Task -
Once the line containing "SHOKZ OpenComm2 UC" is found in the records below, return it and each following line exactly, up to and including the line containing "DIYtoolifz Cordless Impact", and nothing else.

Short text fragments from websites:

+ + + + +

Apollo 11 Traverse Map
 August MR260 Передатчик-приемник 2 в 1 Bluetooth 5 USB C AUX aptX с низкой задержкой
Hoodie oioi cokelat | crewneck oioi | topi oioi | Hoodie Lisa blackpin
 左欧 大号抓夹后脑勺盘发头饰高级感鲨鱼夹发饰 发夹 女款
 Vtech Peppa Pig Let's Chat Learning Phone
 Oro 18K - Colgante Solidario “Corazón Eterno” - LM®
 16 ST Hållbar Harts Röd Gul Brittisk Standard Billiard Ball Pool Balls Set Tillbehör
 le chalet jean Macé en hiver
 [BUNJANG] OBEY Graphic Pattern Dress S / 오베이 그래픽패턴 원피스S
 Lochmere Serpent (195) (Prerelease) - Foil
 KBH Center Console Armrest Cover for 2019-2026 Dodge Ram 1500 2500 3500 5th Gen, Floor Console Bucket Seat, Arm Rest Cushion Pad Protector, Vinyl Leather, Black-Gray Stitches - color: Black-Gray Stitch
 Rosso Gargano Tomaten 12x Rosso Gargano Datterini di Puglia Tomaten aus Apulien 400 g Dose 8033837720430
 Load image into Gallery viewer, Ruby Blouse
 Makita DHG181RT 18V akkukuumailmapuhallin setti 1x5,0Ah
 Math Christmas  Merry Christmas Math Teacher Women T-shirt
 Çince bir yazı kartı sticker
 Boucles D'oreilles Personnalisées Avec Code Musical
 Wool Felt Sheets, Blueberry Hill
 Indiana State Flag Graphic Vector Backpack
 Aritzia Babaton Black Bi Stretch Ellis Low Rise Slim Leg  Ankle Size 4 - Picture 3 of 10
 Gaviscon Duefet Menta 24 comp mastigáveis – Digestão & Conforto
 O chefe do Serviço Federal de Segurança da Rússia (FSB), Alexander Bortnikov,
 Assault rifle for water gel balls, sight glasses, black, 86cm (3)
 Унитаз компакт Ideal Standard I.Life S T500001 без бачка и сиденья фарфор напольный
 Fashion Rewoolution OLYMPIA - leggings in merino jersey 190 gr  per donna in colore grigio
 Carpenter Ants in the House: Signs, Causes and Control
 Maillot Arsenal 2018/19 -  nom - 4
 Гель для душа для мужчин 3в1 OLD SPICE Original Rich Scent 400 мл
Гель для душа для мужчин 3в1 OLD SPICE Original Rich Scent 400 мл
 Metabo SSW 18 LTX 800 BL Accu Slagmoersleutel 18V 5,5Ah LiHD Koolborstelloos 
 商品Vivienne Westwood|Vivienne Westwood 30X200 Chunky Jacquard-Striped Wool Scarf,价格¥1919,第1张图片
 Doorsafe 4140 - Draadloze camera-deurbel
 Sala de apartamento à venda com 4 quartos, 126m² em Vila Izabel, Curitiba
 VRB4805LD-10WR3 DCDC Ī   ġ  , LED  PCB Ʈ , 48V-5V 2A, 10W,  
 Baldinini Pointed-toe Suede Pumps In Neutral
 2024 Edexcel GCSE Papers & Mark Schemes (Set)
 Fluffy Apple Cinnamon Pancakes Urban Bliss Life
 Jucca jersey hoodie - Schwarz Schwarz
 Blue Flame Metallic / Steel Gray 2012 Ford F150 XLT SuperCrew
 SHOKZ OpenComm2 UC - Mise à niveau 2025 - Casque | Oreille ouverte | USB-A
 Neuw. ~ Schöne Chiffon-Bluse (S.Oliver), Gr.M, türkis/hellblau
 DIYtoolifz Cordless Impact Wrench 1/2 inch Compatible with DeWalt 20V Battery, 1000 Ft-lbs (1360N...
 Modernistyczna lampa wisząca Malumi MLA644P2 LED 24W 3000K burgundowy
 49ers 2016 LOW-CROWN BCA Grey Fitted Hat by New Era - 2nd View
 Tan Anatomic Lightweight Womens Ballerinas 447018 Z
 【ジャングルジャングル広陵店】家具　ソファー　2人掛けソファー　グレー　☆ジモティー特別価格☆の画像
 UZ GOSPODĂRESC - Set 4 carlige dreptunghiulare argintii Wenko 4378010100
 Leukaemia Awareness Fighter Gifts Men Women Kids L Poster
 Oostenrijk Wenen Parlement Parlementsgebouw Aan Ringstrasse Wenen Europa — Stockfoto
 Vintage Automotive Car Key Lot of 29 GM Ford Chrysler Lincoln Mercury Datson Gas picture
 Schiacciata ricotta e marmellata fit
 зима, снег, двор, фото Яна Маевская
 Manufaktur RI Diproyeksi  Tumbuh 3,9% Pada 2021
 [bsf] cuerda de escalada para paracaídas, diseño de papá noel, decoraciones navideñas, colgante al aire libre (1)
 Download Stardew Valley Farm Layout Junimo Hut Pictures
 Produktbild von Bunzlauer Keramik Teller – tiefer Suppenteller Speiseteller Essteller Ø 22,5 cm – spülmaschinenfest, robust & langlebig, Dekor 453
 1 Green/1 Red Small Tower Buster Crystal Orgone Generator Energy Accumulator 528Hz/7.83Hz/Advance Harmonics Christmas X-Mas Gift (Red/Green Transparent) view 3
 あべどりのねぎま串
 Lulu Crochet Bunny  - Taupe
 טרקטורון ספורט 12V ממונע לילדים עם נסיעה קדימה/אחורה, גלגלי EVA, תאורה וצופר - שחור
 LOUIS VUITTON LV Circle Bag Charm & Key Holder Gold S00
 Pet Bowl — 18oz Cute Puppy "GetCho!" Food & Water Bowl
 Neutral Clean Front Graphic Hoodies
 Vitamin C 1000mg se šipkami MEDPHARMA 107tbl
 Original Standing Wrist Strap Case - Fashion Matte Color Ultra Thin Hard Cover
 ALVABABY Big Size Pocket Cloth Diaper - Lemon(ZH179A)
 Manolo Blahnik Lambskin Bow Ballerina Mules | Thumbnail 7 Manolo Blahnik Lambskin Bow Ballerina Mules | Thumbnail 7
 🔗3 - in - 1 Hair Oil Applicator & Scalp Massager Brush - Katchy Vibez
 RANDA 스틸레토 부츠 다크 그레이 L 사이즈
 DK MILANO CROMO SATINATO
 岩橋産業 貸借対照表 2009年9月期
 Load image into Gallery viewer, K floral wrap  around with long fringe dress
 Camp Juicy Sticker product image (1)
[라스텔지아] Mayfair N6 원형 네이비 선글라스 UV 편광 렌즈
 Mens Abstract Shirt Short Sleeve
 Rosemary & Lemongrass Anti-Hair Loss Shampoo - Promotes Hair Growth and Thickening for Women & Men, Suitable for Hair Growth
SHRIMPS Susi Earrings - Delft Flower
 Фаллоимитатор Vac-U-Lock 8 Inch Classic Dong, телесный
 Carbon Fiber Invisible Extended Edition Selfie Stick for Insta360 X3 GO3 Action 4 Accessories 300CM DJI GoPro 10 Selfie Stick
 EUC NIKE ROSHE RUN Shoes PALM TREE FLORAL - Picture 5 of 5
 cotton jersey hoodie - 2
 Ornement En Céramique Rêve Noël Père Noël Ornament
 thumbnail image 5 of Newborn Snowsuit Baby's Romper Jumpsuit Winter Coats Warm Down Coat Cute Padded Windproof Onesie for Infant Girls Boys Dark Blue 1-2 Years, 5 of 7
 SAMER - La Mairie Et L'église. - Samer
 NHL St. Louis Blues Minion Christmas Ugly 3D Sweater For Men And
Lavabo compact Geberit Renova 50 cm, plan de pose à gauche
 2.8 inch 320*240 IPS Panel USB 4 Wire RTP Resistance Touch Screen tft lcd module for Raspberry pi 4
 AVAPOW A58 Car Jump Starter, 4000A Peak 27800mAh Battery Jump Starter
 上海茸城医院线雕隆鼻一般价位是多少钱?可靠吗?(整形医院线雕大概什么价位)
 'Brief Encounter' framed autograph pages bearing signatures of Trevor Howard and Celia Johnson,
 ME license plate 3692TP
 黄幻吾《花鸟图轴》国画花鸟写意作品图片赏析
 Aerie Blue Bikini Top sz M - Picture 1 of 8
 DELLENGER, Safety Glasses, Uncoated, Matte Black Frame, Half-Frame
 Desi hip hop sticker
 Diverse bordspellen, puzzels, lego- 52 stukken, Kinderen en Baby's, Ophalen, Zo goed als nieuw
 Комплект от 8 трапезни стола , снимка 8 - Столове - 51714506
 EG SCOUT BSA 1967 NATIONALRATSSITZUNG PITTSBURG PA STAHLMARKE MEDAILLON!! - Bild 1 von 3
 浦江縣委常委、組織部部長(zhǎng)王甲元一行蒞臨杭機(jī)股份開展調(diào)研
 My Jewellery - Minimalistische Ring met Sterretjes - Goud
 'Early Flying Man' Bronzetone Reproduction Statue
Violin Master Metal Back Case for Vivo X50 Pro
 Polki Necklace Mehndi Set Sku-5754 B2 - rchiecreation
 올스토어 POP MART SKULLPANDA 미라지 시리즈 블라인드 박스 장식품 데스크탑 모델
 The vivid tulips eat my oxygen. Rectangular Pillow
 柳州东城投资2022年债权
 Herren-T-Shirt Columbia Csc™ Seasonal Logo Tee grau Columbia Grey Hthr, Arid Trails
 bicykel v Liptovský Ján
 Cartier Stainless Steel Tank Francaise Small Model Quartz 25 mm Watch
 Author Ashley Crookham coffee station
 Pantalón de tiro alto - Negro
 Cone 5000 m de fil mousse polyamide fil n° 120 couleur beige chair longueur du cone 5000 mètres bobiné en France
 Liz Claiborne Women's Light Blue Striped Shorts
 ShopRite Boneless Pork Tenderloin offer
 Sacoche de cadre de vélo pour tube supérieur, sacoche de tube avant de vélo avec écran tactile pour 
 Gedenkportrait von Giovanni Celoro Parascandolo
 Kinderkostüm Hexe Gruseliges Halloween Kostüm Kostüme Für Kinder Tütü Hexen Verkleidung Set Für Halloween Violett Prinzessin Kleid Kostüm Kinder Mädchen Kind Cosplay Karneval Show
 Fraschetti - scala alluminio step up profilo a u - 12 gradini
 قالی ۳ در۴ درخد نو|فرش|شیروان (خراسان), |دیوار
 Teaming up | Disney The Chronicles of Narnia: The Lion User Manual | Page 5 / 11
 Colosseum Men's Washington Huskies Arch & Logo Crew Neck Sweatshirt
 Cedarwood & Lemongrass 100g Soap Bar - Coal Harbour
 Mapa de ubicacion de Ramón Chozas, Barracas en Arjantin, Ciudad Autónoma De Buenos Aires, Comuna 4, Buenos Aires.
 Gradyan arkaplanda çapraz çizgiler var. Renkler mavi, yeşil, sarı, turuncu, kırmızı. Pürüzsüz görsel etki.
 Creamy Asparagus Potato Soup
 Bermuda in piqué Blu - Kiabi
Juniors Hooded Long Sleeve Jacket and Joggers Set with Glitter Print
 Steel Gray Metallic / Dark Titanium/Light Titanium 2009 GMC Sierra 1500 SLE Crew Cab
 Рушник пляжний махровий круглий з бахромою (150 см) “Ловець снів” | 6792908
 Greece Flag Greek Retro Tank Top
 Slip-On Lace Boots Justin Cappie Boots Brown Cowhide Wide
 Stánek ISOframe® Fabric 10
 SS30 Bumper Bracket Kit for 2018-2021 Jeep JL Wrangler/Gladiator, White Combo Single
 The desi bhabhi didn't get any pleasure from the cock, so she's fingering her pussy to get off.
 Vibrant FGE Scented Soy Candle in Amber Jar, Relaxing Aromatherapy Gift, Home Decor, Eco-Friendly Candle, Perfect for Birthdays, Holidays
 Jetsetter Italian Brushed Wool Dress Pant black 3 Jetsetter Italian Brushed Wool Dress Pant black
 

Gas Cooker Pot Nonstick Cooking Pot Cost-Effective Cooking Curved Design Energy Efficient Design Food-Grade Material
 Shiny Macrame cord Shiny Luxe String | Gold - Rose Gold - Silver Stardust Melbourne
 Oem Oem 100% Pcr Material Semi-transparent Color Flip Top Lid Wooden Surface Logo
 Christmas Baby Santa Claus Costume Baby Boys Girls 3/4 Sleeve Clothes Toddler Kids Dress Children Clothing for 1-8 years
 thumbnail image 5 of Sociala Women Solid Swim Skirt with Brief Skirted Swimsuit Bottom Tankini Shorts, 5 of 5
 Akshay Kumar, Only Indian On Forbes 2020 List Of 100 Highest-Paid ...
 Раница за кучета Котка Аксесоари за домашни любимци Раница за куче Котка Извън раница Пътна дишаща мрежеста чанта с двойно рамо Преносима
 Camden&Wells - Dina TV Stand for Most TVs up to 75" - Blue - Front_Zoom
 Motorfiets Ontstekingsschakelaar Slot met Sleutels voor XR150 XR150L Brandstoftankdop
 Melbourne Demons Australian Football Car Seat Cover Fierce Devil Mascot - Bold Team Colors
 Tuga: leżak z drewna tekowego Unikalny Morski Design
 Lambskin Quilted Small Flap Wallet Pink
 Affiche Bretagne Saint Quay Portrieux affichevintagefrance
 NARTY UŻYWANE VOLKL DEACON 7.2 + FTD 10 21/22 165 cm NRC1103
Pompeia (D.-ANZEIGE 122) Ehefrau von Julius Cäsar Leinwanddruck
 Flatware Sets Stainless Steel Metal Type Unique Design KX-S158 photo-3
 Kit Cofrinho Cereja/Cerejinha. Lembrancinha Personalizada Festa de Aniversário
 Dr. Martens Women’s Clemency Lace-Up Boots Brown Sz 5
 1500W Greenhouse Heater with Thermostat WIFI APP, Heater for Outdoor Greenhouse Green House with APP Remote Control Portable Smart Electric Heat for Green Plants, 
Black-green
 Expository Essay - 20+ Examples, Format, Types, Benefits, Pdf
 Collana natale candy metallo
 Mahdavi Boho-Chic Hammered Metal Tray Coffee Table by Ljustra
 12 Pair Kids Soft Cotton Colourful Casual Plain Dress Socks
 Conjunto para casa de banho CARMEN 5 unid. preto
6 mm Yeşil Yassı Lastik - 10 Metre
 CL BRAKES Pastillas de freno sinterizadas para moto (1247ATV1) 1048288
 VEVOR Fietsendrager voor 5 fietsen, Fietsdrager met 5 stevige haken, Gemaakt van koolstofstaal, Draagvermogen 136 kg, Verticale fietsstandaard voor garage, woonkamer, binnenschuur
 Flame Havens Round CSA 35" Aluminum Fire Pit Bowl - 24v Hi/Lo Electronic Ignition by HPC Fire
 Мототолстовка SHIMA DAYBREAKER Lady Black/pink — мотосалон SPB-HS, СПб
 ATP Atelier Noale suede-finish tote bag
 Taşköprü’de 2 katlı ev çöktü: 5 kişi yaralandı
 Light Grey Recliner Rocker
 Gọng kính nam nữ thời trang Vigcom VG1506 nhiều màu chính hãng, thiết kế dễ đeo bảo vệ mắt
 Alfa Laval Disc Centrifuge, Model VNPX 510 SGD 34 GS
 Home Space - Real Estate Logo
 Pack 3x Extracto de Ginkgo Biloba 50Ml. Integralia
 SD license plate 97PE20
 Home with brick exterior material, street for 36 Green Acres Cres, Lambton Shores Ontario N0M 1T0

+ + + + +

Your response -
 SHOKZ OpenComm2 UC - Mise à niveau 2025 - Casque | Oreille ouverte | USB-A
 Neuw. ~ Schöne Chiffon-Bluse (S.Oliver), Gr.M, türkis/hellblau
 DIYtoolifz Cordless Impact Wrench 1/2 inch Compatible with DeWalt 20V Battery, 1000 Ft-lbs (1360N...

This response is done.